- **Your task**: Using the records that appear below, write out exactly the lines from the one with "SMT601 - Cốc" through the one with "negru Reserved bărbați", keeping both end lines.

- **Records for this exercise**:
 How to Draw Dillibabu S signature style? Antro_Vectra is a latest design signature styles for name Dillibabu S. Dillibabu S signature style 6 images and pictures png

* * *

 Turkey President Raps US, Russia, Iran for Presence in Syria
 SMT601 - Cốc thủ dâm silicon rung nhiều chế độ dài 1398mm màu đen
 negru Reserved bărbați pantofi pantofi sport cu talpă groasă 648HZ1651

- **Response area**:
 SMT601 - Cốc thủ dâm silicon rung nhiều chế độ dài 1398mm màu đen
 negru Reserved bărbați pantofi pantofi sport cu talpă groasă 648HZ1651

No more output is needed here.